§ WORK TASK:
Your copy should hold only the lines from the one with "White girl with" to the one with "Mujeres haciendo limpieza a domicilio", both included, each exactly as it stands below, with no pictures.

===== LISTED ENTRIES =====

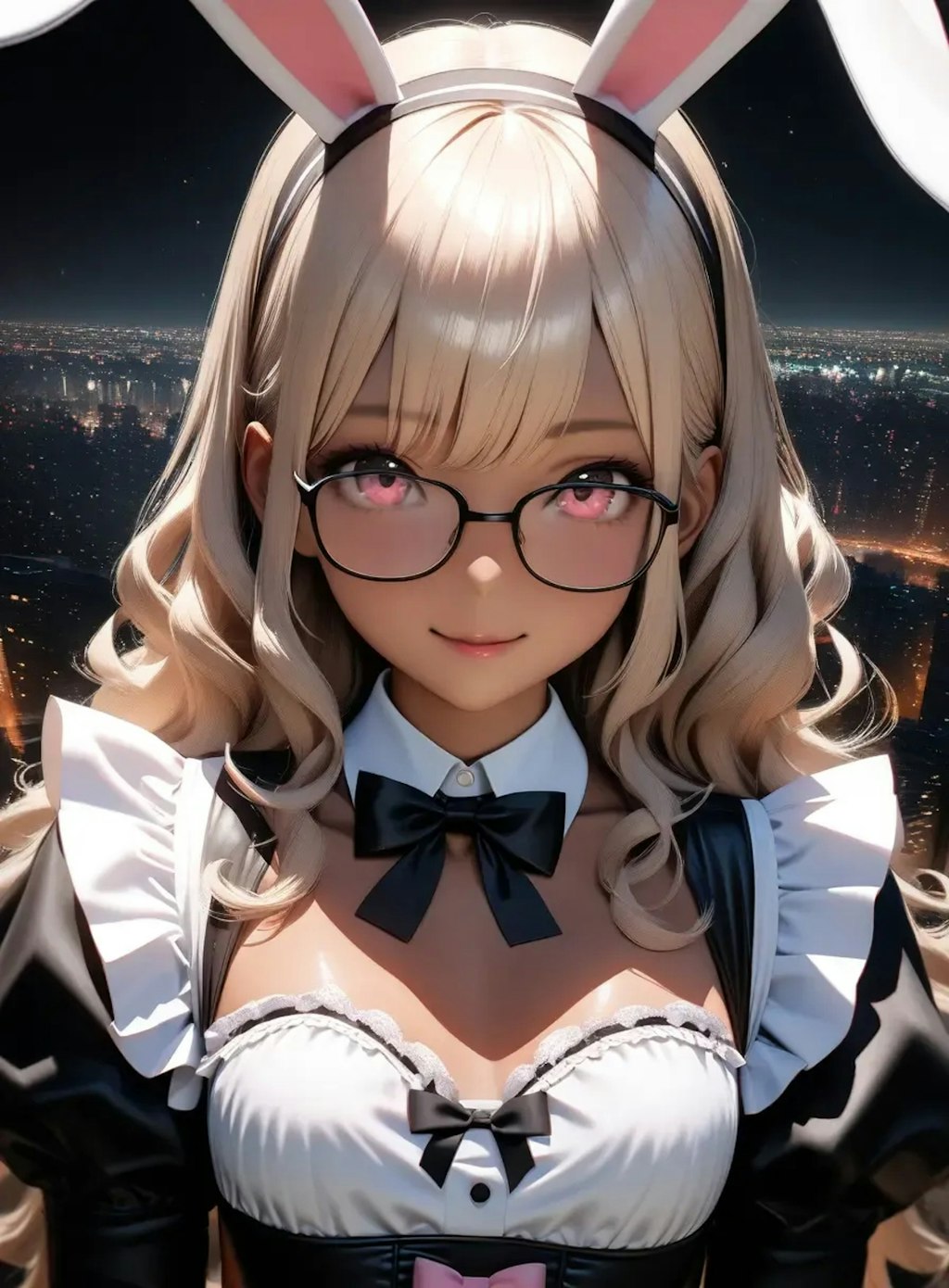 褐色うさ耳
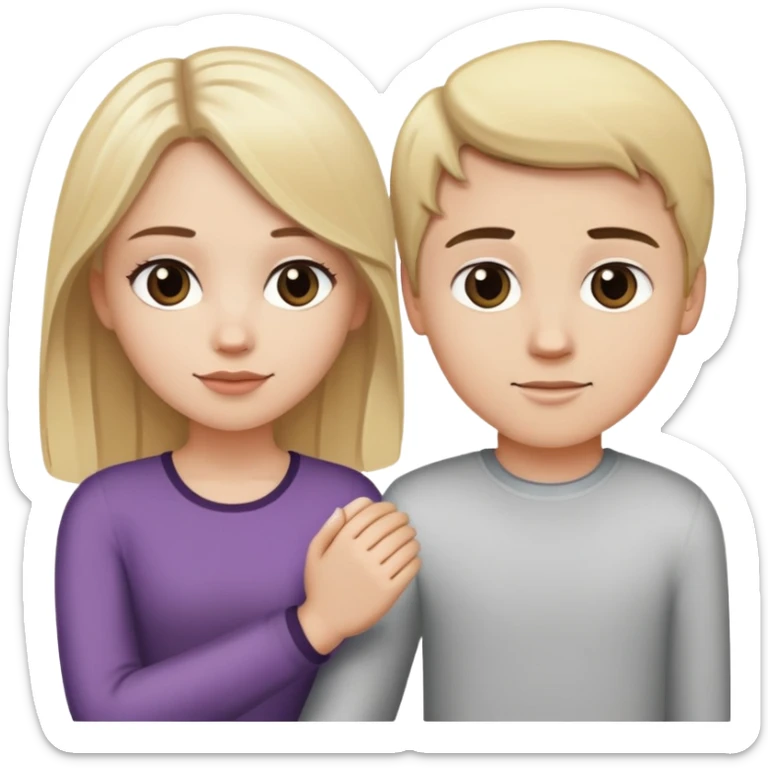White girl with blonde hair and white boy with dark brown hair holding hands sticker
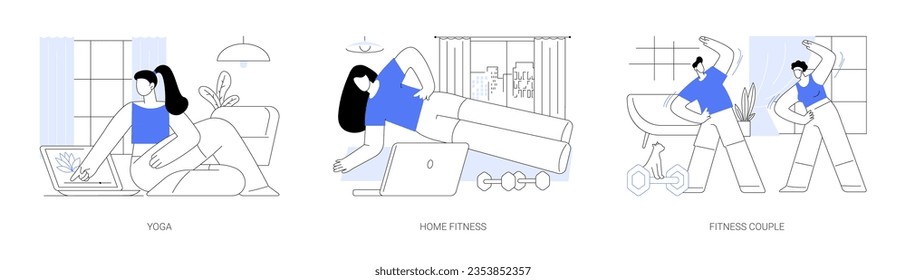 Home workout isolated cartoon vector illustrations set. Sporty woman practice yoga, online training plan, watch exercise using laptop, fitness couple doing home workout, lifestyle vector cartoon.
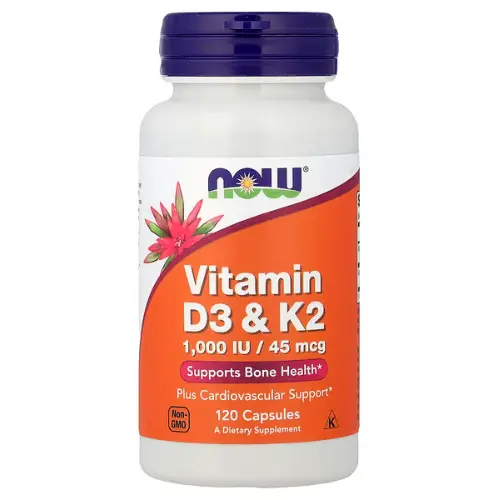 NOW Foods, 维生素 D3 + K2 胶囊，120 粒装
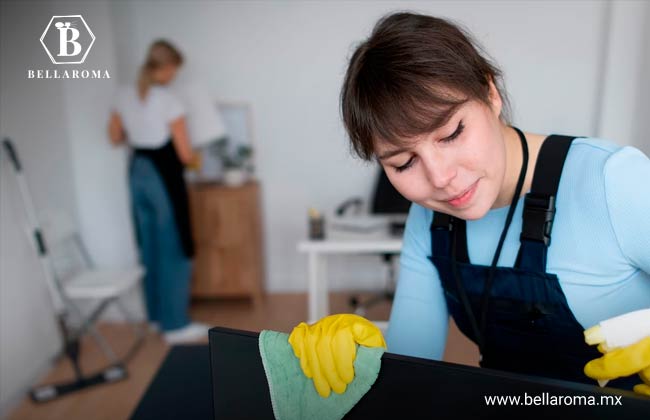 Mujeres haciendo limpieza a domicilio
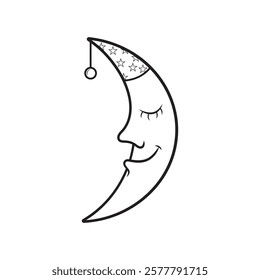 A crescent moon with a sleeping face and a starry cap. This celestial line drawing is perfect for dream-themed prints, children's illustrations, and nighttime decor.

=====

§ YOUR RESPONSE:
White girl with blonde hair and white boy with dark brown hair holding hands sticker
 Home workout isolated cartoon vector illustrations set. Sporty woman practice yoga, online training plan, watch exercise using laptop, fitness couple doing home workout, lifestyle vector cartoon.
 NOW Foods, 维生素 D3 + K2 胶囊，120 粒装
 Mujeres haciendo limpieza a domicilio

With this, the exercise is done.